The Burgundy trade board (BIVB) said production levels could even be lower than 2012, already one of the smallest-yielding years of recent times, after a cold and wet spring was followed by destructive hail showers in July, exacerbating mildew and other problems in the vineyard.
"The vagaries of the weather had an impact on the quantities harvested," the BIVB said in a statement. "From north to south of the region there was barely a vineyard that was spared."
Prestigious appellations including Pommard and Volnay were among the zones affected when July hail wreaked havoc across 1,350 hectares of the Cote de Beaune in eastern France.
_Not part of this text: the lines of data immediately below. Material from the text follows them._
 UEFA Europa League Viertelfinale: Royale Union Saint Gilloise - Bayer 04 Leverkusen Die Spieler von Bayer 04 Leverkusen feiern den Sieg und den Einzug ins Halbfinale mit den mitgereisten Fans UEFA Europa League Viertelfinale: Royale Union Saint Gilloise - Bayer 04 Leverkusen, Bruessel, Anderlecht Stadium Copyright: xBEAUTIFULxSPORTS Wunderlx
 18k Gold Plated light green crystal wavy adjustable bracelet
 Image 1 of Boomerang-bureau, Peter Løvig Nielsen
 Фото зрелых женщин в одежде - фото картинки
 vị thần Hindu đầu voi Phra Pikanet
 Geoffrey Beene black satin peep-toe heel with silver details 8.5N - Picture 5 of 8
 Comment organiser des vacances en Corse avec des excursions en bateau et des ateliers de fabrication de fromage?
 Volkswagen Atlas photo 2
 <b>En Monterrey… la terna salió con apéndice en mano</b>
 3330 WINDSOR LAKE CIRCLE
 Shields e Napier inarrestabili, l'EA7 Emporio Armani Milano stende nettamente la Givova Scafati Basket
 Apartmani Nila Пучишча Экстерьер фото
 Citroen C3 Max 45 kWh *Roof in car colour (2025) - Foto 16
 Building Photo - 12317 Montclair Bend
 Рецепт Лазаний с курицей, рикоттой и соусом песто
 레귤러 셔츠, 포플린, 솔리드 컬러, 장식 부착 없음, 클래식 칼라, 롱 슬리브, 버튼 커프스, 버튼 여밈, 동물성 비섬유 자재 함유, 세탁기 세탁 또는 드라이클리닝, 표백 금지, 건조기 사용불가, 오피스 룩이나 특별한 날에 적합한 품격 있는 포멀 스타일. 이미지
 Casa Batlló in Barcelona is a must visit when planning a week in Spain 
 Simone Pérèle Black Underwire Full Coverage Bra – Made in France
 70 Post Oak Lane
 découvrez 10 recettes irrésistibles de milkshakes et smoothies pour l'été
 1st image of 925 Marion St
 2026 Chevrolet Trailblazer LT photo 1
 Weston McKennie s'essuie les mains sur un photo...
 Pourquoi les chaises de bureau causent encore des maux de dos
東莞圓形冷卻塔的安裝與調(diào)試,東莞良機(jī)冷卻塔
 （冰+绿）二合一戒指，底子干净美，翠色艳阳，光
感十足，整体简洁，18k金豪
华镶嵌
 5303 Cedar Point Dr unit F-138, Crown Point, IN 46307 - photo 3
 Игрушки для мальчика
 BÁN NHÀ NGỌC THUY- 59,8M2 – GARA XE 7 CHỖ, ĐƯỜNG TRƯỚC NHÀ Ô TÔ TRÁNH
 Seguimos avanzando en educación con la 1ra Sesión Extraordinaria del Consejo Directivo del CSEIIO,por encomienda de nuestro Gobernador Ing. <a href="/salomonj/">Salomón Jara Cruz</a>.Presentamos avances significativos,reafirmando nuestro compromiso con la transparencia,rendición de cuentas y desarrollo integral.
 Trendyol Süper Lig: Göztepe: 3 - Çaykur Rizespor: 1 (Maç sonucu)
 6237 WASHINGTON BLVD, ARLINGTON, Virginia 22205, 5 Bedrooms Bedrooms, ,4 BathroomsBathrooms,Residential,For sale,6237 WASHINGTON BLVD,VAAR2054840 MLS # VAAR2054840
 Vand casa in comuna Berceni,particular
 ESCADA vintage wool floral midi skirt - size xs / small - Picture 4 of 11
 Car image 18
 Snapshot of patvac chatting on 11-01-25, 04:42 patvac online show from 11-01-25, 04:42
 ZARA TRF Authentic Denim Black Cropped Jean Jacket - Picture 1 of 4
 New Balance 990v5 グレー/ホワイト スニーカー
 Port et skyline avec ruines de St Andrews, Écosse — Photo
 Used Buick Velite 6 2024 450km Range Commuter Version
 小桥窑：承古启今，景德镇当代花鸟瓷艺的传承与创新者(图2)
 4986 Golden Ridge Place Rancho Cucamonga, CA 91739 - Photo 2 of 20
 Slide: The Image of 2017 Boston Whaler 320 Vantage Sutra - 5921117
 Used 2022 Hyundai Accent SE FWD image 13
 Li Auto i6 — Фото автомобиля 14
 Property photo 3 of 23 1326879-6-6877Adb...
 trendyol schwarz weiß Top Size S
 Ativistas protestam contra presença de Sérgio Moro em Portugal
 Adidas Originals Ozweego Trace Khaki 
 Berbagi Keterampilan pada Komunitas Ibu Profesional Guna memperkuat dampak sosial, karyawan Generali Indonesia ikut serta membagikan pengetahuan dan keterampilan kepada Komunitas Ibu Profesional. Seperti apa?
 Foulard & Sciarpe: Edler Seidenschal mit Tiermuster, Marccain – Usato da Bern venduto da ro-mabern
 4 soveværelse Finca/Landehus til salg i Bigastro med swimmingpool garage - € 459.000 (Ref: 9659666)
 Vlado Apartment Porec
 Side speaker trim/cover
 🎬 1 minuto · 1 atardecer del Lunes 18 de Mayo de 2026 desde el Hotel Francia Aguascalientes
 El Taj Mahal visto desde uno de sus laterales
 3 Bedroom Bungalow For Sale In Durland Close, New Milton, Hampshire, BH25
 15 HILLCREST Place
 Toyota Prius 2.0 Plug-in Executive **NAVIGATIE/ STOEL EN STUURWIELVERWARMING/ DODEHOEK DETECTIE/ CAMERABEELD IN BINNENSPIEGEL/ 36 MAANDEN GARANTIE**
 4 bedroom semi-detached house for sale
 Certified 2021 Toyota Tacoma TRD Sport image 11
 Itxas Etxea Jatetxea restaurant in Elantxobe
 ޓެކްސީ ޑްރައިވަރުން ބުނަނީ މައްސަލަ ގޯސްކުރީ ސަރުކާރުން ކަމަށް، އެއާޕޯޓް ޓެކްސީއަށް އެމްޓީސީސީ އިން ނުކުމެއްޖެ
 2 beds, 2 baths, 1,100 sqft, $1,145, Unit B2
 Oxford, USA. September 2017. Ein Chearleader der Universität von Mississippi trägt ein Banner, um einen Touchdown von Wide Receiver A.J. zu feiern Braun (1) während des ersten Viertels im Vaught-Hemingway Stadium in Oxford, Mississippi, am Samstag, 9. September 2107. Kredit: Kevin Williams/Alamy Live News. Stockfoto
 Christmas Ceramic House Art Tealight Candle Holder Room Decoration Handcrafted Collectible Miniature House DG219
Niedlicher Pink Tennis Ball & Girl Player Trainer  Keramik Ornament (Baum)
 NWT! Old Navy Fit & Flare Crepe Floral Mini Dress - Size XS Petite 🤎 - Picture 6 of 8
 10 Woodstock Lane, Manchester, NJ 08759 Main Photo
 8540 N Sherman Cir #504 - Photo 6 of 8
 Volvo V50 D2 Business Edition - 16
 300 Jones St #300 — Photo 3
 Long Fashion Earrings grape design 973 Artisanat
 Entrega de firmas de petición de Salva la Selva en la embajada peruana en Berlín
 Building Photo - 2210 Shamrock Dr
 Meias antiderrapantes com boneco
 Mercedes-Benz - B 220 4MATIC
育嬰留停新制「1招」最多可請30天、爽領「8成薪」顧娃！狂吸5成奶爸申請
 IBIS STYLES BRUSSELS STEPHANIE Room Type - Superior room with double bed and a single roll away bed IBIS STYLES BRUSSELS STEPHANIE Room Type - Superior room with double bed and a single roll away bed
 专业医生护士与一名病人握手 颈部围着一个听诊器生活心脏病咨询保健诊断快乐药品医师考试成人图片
"Some producers are predicting very small yields, with volume similar to or even inferior to 2012," the BIVB added. Total production of Burgundy is forecast at 1.26 million hectolitres -- about 20 percent down on a typical year where output would be somewhere around 1.5 million hectolitres.
The short supply will inevitably exercise upward pressure on prices but the good news for lovers of Burgundy is that those vines which survived the hail went on to produce high-quality grapes on the back of late summer sunshine.
"The wines are showing great aromatic purity and some unexpected colours," the BIVB reported. "Their balance is particularly pleasing."